▶ The problem:
Each line below from the line with "Mobile Apps, Newsletters" to the line with "Схема моделей Схема моделей" must be copied exactly, including those two, and no picture may appear in the copy.

▶ Dataset records:
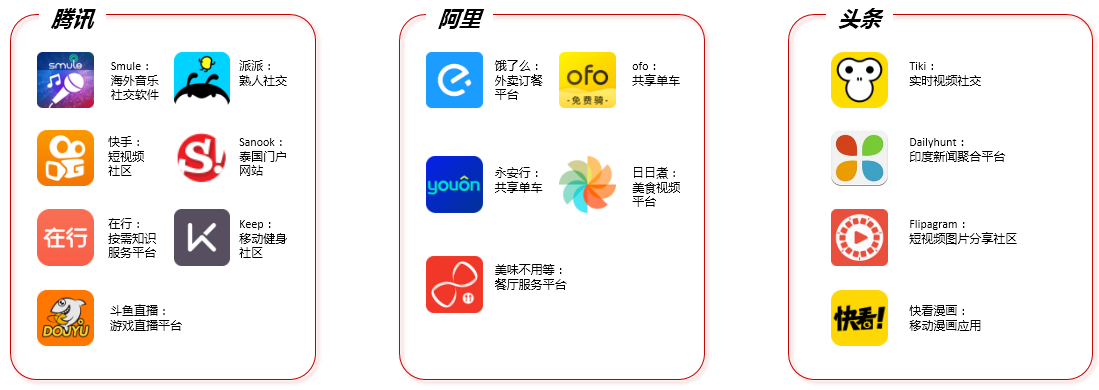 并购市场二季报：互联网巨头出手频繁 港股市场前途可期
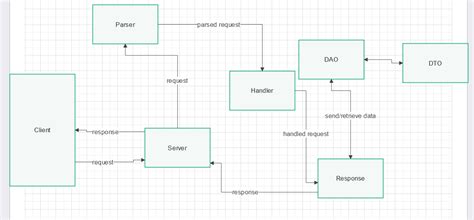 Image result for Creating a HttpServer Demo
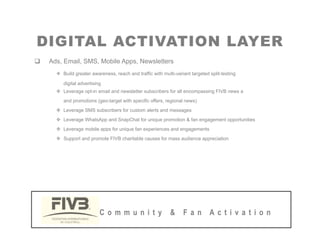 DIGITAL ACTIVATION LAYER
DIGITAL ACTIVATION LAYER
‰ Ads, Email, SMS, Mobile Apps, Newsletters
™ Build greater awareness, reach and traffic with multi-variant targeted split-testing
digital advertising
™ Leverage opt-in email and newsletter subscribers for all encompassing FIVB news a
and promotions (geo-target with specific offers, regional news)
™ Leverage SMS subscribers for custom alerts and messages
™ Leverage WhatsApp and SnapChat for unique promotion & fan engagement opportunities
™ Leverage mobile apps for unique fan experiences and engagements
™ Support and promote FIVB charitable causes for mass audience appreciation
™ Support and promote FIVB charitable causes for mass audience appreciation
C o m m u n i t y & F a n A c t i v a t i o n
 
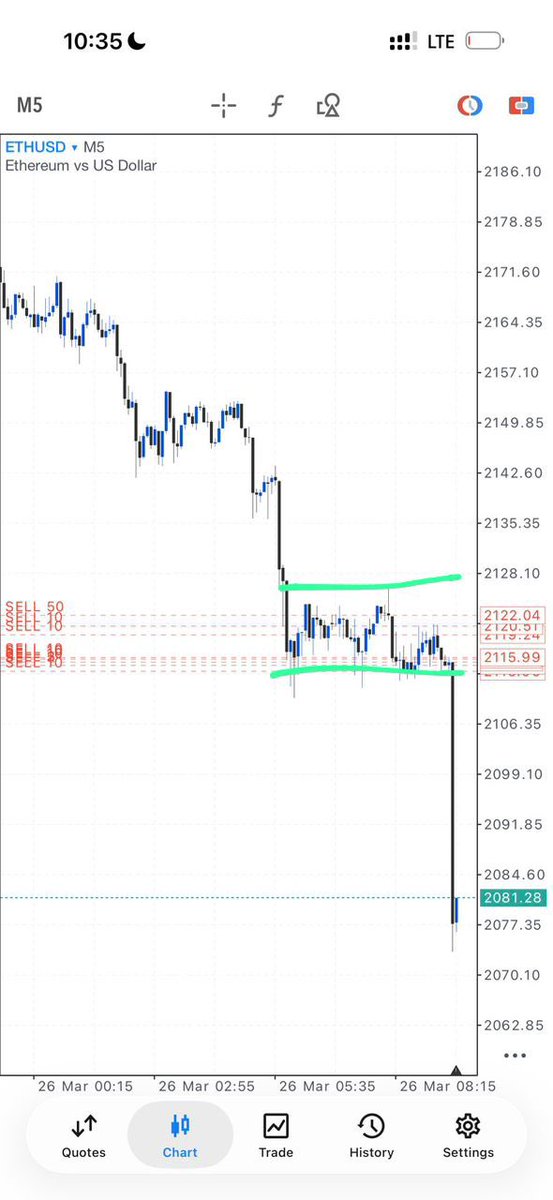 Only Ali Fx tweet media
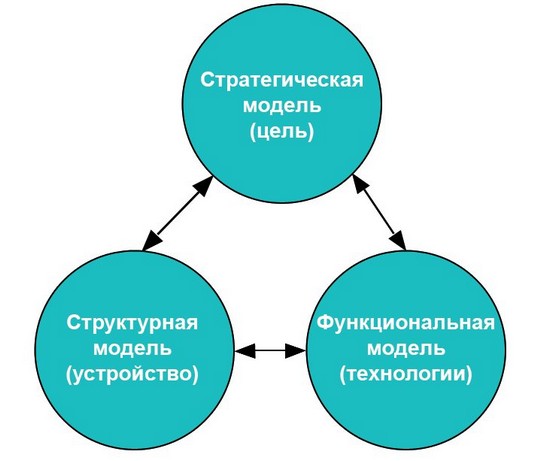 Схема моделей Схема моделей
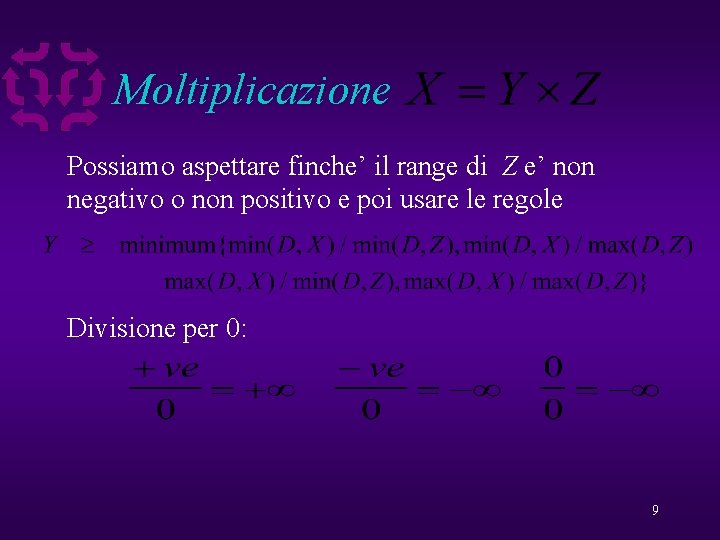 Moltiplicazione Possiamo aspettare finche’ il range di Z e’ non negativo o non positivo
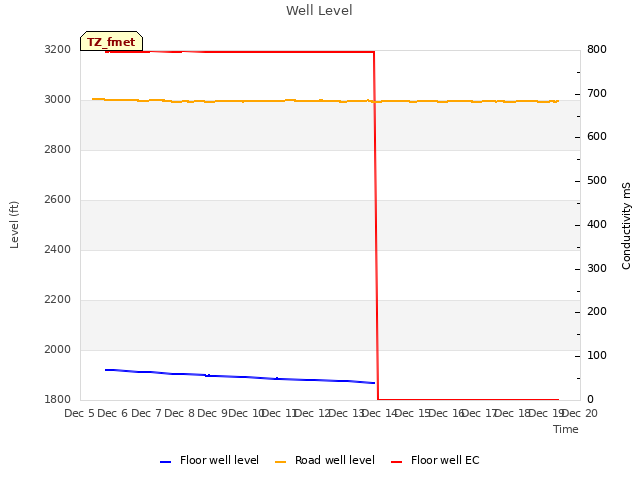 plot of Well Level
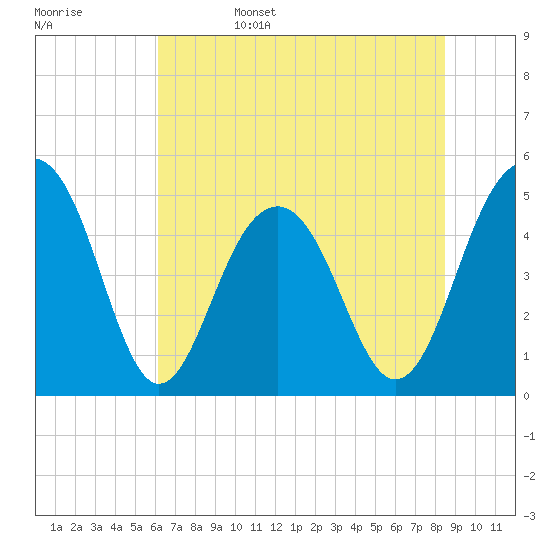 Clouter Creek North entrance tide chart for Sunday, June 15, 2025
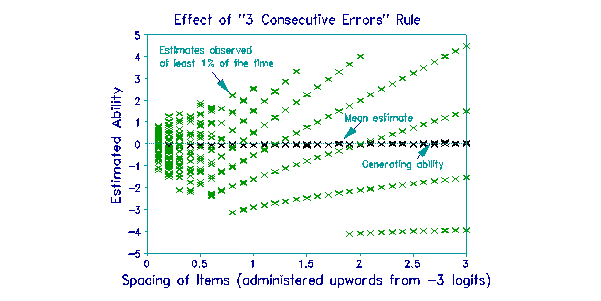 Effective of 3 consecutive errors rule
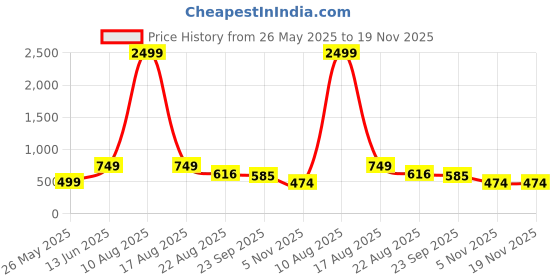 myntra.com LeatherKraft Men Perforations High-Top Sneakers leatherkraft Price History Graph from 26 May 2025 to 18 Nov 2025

▶ Reply:
‰ Ads, Email, SMS, Mobile Apps, Newsletters
™ Build greater awareness, reach and traffic with multi-variant targeted split-testing
digital advertising
™ Leverage opt-in email and newsletter subscribers for all encompassing FIVB news a
and promotions (geo-target with specific offers, regional news)
™ Leverage SMS subscribers for custom alerts and messages
™ Leverage WhatsApp and SnapChat for unique promotion & fan engagement opportunities
™ Leverage mobile apps for unique fan experiences and engagements
™ Support and promote FIVB charitable causes for mass audience appreciation
™ Support and promote FIVB charitable causes for mass audience appreciation
C o m m u n i t y & F a n A c t i v a t i o n
 
 Only Ali Fx tweet media
 Схема моделей Схема моделей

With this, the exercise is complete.